There is a Raku module available: Prime::Factor, that uses essentially this algorithm with some minor performance tweaks.
External library
If you really need a speed boost, load the highly optimized Perl 5 ntheory module. It needs a little extra plumbing to deal with the lack of built-in big integer support, but for large number factoring the interface overhead is worth it.
use Inline::Perl5;
my $p5 = Inline::Perl5.new();
$p5.use( 'ntheory' );
sub prime-factors ($i) {
my &primes = $p5.run('sub { map { ntheory::todigitstring $_ } sort {$a <=> $b} ntheory::factor $_[0] }');
primes("$i");
}
for 2²⁹-1, 2⁴¹-1, 2⁵⁹-1, 2⁷¹-1, 2⁷⁹-1, 2⁹⁷-1, 2¹¹⁷-1,
5465610891074107968111136514192945634873647594456118359804135903459867604844945580205745718497
-> $n {
my $start = now;
say "factors of $n: ",
prime-factors($n).join(' × '), " \t in ", (now - $start).fmt("%0.3f"), " sec."
}
Output:
factors of 536870911: 233 × 1103 × 2089 in 0.001 sec.
factors of 2199023255551: 13367 × 164511353 in 0.001 sec.
factors of 576460752303423487: 179951 × 3203431780337 in 0.001 sec.
factors of 2361183241434822606847: 228479 × 48544121 × 212885833 in 0.012 sec.
factors of 604462909807314587353087: 2687 × 202029703 × 1113491139767 in 0.003 sec.
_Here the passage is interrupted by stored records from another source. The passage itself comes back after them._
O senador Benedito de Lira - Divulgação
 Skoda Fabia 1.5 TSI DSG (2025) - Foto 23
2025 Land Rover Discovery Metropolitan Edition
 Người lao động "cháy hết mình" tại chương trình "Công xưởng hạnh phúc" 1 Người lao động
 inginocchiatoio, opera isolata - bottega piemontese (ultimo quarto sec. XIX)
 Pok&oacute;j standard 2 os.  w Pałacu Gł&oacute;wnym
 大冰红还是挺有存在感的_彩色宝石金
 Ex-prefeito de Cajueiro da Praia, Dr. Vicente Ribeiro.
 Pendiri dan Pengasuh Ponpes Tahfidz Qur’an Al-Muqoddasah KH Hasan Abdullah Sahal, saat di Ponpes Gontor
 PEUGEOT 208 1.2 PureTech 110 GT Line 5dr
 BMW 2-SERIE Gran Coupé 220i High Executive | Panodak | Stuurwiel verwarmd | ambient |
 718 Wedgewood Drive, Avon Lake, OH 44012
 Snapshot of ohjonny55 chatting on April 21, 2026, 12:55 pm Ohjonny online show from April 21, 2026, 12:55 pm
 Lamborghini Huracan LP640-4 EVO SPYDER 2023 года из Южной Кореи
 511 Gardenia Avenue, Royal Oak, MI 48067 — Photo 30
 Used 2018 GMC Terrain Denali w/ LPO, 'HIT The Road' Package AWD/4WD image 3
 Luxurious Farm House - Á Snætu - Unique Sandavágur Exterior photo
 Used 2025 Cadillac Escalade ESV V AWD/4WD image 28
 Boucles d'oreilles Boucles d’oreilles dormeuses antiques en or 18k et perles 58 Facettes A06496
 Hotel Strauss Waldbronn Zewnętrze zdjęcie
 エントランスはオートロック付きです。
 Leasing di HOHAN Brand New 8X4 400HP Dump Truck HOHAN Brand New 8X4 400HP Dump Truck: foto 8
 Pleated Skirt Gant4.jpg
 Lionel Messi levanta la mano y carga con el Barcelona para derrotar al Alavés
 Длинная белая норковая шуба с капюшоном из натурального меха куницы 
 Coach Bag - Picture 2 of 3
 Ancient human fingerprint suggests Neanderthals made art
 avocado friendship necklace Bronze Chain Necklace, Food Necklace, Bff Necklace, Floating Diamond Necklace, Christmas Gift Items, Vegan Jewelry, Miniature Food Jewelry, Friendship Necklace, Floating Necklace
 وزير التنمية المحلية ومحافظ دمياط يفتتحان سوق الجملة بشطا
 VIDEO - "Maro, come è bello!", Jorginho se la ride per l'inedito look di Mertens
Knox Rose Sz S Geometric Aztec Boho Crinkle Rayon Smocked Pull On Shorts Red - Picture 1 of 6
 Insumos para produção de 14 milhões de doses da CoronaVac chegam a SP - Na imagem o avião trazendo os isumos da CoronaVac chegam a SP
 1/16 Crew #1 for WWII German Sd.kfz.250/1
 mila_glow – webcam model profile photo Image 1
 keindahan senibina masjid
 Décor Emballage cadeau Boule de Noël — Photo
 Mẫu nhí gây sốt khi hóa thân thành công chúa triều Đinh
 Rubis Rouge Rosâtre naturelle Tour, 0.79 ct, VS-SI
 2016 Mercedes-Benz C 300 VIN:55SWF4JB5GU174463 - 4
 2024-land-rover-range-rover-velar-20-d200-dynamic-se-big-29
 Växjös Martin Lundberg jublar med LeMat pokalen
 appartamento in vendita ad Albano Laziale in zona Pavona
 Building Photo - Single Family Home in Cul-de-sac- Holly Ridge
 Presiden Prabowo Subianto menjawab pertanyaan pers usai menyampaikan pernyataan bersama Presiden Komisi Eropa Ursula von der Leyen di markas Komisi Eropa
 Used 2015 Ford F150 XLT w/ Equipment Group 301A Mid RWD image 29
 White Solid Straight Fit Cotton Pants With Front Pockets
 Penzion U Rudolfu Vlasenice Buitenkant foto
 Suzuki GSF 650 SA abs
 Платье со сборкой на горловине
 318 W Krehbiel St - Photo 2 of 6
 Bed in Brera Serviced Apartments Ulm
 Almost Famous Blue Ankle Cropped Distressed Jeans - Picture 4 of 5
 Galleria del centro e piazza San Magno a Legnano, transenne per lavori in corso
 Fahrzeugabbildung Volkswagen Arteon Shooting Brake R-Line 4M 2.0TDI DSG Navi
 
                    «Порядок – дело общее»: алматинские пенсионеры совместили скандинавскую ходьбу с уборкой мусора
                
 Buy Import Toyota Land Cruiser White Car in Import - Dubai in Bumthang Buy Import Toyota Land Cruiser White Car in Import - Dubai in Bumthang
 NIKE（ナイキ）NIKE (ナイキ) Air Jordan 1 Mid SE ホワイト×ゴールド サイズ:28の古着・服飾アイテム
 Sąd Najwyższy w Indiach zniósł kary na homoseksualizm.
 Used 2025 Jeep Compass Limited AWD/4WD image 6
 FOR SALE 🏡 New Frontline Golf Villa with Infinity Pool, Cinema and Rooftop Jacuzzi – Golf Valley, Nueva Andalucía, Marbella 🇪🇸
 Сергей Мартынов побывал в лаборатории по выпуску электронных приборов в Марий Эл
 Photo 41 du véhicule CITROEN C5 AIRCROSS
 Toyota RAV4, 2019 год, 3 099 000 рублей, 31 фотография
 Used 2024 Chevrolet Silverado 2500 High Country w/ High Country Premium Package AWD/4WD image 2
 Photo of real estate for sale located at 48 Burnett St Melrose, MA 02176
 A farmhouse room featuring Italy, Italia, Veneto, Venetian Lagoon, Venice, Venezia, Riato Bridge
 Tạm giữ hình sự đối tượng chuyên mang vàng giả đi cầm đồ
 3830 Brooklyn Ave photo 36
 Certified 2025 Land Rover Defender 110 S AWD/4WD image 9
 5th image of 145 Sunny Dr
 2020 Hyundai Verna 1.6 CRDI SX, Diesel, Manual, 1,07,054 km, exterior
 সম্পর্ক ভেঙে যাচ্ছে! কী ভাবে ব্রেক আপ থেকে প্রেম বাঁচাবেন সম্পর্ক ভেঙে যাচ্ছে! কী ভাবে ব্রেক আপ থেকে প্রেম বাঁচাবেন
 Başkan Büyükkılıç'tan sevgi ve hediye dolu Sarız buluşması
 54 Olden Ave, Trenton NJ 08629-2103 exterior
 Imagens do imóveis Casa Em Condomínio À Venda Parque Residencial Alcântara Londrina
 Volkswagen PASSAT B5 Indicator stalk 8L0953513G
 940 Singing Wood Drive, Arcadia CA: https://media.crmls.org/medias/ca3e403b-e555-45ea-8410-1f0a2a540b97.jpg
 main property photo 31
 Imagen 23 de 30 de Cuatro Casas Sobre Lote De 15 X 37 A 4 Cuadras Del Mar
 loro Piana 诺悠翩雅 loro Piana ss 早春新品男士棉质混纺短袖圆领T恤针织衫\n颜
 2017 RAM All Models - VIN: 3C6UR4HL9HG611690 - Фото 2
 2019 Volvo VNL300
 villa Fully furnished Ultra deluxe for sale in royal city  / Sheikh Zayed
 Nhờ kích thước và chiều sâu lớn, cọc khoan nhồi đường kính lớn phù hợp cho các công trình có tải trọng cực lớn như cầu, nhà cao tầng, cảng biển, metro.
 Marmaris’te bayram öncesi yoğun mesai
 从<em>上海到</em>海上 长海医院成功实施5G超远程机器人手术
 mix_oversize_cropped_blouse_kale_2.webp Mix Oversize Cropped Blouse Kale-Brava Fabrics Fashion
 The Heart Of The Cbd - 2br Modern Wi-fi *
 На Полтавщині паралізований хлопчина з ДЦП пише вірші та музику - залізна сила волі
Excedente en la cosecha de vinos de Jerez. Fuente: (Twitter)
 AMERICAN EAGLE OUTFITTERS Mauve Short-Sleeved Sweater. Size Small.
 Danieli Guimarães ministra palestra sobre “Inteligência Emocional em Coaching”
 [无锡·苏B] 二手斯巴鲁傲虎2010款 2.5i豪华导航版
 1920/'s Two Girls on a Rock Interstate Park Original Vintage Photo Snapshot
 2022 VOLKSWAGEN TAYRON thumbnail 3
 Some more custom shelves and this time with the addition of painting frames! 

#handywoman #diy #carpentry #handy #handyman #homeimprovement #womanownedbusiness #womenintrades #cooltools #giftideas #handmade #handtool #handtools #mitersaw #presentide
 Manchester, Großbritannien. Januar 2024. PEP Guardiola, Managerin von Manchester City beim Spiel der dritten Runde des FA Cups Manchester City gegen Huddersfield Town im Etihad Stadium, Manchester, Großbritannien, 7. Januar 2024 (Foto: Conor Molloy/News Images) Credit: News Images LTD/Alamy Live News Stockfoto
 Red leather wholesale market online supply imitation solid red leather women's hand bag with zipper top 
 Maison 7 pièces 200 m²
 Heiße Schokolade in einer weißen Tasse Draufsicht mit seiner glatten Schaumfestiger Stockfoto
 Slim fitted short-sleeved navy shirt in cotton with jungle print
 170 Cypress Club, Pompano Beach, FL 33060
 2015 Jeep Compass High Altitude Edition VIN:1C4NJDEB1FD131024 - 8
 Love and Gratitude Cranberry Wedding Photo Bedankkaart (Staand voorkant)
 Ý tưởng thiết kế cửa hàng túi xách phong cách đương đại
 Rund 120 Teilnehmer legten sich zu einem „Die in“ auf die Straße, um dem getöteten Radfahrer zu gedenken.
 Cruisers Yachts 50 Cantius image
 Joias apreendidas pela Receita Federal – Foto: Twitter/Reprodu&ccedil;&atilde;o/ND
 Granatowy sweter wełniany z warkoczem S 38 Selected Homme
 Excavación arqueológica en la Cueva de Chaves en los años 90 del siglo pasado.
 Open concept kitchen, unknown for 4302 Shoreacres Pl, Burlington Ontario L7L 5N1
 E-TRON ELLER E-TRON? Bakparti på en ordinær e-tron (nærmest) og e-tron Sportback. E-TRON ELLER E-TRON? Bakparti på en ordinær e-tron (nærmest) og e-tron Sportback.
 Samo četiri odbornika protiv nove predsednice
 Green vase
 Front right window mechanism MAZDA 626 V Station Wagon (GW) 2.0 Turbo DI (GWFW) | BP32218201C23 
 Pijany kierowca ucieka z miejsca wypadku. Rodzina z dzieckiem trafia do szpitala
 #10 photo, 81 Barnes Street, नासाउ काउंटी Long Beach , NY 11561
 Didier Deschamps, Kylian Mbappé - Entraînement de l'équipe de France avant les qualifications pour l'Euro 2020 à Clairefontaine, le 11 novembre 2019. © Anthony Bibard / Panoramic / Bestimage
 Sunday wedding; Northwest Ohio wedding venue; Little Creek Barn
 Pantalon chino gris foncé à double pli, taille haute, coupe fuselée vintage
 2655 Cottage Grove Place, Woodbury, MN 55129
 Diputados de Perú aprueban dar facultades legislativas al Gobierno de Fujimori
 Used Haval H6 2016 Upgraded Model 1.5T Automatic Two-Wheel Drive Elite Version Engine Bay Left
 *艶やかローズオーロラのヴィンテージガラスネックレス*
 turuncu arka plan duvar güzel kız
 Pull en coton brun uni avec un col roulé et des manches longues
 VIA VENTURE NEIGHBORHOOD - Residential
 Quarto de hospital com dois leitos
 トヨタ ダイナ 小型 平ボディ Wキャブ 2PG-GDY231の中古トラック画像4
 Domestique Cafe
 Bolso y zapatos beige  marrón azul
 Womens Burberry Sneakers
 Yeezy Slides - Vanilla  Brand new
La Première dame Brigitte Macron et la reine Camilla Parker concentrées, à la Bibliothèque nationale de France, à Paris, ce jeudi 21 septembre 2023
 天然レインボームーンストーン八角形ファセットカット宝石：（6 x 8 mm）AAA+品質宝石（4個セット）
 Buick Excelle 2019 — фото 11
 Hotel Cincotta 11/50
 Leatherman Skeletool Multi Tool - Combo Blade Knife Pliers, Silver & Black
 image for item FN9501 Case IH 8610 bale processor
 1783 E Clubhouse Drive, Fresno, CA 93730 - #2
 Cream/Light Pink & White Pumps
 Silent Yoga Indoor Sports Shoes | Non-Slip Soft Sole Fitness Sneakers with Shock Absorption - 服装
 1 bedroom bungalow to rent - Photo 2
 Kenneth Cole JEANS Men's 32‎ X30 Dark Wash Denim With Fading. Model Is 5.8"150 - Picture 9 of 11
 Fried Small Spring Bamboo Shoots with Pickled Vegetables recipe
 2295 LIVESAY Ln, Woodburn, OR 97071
factors of 158456325028528675187087900671: 11447 × 13842607235828485645766393 in 0.001 sec.
factors of 166153499473114484112975882535043071: 7 × 73 × 79 × 937 × 6553 × 8191 × 86113 × 121369 × 7830118297 in 0.001 sec.
factors of 5465610891074107968111136514192945634873647594456118359804135903459867604844945580205745718497: 165901 × 10424087 × 18830281 × 53204737 × 56402249 × 59663291 × 91931221 × 95174413 × 305293727939 × 444161842339 × 790130065009 in 0.064 sec.